TABLE OF CONTENTS
ABINIT/msig [ Functions ]
NAME
msig
FUNCTION
This program computes the elements of the optical frequency dependent conductivity tensor and the conductivity along the three principal axes from the Kubo-Greenwood formula for PAW formalism
COPYRIGHT
Copyright (C) 2002-2018 ABINIT group (SMazevet,VR) This file is distributed under the terms of the GNU General Public License, see ~ABINIT/COPYING or http://www.gnu.org/copyleft/gpl.txt . For the initials of contributors, see ~ABINIT/Infos/contributors .
INPUTS
fcti(npti)= conductivity, as calculated in conducti npti= number of points to calculate conductivity xi(npti)= energies where the conductivity is calculated
OUTPUT
no output, only files
NOTES
this program calculates the imaginary part of the conductivity (principal value)
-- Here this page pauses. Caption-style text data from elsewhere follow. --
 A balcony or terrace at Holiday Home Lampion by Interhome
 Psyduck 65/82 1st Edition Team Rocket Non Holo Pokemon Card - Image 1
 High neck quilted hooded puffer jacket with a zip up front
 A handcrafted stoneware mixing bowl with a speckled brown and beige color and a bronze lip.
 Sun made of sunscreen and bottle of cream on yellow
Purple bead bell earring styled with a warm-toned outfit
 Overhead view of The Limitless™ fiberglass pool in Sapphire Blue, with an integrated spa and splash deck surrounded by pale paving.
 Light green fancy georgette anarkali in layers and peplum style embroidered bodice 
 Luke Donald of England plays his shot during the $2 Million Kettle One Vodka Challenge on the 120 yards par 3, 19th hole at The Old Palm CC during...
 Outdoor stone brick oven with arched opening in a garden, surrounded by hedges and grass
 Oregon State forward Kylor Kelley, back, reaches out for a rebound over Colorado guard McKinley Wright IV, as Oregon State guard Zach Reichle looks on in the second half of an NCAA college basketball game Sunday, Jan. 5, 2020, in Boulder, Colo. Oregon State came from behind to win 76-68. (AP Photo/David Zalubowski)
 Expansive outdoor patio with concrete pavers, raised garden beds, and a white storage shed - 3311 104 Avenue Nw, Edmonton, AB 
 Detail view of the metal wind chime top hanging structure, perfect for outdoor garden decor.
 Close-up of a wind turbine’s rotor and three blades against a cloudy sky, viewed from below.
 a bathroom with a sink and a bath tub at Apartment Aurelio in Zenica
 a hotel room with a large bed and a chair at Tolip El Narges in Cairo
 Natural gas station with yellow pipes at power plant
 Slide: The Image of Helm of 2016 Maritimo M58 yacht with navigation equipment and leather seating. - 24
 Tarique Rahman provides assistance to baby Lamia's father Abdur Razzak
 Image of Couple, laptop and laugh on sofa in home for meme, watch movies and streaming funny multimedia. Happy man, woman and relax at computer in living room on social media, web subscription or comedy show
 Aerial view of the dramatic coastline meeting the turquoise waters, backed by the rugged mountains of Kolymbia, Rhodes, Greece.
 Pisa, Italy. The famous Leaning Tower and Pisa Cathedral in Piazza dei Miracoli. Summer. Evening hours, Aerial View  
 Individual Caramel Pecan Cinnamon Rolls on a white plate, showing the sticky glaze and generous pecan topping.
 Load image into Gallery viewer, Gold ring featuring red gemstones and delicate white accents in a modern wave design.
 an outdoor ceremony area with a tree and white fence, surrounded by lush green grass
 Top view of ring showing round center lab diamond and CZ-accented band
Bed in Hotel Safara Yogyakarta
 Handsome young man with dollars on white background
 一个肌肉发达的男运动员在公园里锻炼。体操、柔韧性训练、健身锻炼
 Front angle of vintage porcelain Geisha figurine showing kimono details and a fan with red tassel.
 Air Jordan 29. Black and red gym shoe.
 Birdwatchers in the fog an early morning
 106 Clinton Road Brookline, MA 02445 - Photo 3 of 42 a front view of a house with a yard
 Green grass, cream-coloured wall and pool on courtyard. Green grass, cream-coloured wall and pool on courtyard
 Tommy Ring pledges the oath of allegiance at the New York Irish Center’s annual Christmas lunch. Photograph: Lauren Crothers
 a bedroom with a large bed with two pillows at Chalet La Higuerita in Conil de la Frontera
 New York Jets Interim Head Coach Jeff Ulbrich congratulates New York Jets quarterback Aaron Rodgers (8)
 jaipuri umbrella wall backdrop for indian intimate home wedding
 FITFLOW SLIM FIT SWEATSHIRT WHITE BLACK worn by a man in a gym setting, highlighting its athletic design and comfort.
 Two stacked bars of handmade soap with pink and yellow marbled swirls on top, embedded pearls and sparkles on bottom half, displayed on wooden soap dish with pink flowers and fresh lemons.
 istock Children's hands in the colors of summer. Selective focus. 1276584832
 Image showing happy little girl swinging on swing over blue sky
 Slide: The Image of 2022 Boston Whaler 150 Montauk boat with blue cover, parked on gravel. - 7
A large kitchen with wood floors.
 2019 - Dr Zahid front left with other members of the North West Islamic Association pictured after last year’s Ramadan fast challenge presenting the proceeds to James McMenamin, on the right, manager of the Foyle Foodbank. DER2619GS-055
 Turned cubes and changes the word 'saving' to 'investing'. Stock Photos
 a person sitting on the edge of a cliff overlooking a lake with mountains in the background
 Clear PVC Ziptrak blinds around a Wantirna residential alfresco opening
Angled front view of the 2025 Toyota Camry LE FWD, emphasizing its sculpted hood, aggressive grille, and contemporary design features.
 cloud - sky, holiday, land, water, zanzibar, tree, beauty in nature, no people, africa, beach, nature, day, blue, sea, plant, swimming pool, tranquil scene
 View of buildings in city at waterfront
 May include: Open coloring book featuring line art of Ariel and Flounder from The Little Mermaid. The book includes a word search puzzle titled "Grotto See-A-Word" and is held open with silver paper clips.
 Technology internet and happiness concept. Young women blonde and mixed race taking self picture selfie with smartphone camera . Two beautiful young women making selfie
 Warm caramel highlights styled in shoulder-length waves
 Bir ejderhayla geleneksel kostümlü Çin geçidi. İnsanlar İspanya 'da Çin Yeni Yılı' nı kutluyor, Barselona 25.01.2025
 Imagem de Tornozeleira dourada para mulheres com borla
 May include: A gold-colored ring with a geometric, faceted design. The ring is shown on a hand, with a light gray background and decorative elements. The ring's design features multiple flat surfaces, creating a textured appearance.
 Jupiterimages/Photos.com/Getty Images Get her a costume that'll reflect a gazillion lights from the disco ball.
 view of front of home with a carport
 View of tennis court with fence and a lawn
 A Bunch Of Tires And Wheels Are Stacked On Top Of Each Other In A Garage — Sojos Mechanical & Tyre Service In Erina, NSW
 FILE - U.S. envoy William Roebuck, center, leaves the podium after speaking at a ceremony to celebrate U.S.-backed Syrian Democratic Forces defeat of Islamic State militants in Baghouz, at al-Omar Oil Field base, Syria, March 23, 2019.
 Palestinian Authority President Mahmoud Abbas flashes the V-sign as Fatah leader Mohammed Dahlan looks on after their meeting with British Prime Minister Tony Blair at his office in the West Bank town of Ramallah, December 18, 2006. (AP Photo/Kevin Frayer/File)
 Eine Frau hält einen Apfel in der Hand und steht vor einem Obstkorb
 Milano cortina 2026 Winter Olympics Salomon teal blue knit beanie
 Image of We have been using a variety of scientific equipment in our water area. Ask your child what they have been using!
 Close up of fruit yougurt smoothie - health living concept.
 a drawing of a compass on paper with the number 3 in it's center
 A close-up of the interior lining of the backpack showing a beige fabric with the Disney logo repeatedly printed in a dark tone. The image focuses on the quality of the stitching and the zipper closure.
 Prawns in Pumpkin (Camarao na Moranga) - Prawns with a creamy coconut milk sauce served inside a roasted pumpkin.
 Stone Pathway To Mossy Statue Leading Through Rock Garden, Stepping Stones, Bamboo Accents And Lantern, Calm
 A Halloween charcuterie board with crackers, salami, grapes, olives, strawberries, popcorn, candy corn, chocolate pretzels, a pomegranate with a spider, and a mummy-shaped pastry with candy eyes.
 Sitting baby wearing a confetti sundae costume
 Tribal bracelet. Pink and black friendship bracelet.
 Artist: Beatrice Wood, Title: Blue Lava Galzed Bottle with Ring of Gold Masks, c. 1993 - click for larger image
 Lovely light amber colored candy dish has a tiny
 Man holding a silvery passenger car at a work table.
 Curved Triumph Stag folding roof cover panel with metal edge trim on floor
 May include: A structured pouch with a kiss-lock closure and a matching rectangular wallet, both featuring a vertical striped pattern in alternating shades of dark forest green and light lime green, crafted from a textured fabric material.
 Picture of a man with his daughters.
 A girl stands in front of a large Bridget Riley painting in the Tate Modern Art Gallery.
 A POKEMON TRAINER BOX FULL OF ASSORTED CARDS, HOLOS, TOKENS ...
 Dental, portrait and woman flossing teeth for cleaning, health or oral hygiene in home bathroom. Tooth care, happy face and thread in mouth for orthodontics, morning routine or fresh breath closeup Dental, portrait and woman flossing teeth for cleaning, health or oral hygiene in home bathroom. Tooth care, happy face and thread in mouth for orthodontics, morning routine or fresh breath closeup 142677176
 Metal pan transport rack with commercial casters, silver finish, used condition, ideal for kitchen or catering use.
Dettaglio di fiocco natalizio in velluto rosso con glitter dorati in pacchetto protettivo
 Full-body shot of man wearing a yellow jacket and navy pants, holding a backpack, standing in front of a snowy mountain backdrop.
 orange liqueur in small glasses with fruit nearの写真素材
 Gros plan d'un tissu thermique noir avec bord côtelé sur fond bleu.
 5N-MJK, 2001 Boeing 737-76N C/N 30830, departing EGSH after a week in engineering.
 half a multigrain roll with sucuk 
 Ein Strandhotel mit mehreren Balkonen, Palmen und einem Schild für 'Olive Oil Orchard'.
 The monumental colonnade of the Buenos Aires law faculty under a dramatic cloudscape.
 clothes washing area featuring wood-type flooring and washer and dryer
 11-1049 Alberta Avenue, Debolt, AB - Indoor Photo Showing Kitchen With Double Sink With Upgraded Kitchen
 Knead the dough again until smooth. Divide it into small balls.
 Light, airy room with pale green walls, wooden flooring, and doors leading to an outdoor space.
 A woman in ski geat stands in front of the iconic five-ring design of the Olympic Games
+derived optical properties.
the calculation is performed on the same grid as the initial input
to calculate the principal value, a trapezoidale integration +taylor expansion to
third order is used (W.J. Thomson computer in physics vol 12 p94 1998)
two input files are needed inppv.dat (parameters) and sigma.dat (energy,sigma_1)
two output files ppsigma.dat (energy,sigma_1,sigma_2,epsilon_1,epsilon_2)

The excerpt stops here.